Gençliğimizde ele avuca sığmayan, anne baba sözü dinlemeyen, tabiri caizse haşarı çocukların yaptıklarını maruz görmek için 'Hızlı yaşa genç kal.' Denirdi. Bu söylemle haşarı çocuğa şu mesaj verilmek istenirdi. 'Ey oğul söz dinlemiyorsun, hopluyorsun, zıplıyorsun, kendine dikkat et. Bugün sağlığın yerinde, yarın ne olacağın bilinmez. Bu hızlı yaşam seni erkenden bu dünyadan alır götürür. Yaşamına, davranışlarına, duygularına dikkat et.'

Ülkemizde gündemi takip etmek tek başına bir uzmanlık işi oldu. O kadar aksiyon var ki, haber programları hep tirent yapıyor. En ala dizi filimler, çizgi filimler, filimler bile insanların merakını çekmiyor.
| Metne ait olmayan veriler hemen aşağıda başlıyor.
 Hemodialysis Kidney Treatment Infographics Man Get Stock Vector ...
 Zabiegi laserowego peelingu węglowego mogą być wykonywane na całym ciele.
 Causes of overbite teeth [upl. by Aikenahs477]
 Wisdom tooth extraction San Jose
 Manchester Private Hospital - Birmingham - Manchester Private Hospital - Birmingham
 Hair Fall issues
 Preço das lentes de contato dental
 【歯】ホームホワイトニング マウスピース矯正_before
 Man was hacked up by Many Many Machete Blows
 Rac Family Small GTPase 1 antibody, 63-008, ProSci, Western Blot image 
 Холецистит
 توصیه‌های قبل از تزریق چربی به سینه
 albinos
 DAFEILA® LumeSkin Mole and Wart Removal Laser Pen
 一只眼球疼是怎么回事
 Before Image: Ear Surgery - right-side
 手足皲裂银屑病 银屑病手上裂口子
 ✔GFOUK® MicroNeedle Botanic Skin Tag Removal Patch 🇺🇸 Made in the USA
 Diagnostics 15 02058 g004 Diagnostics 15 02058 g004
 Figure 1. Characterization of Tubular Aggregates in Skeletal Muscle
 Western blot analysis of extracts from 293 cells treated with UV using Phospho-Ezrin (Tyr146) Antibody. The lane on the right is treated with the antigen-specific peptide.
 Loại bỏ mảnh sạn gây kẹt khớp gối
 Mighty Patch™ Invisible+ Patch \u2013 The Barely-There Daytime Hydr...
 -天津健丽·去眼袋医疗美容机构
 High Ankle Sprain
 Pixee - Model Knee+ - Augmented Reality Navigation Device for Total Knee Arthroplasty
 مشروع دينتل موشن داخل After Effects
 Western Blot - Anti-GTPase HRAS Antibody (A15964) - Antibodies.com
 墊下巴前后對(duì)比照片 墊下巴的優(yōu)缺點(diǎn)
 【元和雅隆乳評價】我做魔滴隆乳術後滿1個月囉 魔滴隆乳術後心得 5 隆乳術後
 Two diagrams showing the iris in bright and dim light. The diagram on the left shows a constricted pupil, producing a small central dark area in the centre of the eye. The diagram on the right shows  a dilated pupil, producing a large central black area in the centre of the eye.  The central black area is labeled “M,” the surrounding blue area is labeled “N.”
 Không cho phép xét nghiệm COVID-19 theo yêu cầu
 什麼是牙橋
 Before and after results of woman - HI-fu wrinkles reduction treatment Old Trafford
Dizi film izler gibi insanlar haber programlarını izliyor.

17 Ocakta okullar ara tatile girdi. Öğrenciler tatilde dinlensin, zinde bir zihinle okula başlasın diye beklenirken, aksiyonlar birbirini takip etti. Büyüklerin zihinlerinin çorbaya döndüğü bir ortamda, öğrencilerde stabil bir zihin beklemek haksızlık olacak. Bütün aksiyonlar sanki öğrencilerin tatile çıkmasını bekliyormuş gibi yağmur gibi üzerimize yağdı.

Bilim insanlarınca, 22 Ocak 2020' de Manisa Akhisar' da gerçekleşen depremin, analizi ve değerlendirilmesi sıcağı sıcağına yapılırken, sanki Akhisar depreminin olmasını tetikte bekliyormuş gibi daha şiddetlisi, Elazığ'da oldu.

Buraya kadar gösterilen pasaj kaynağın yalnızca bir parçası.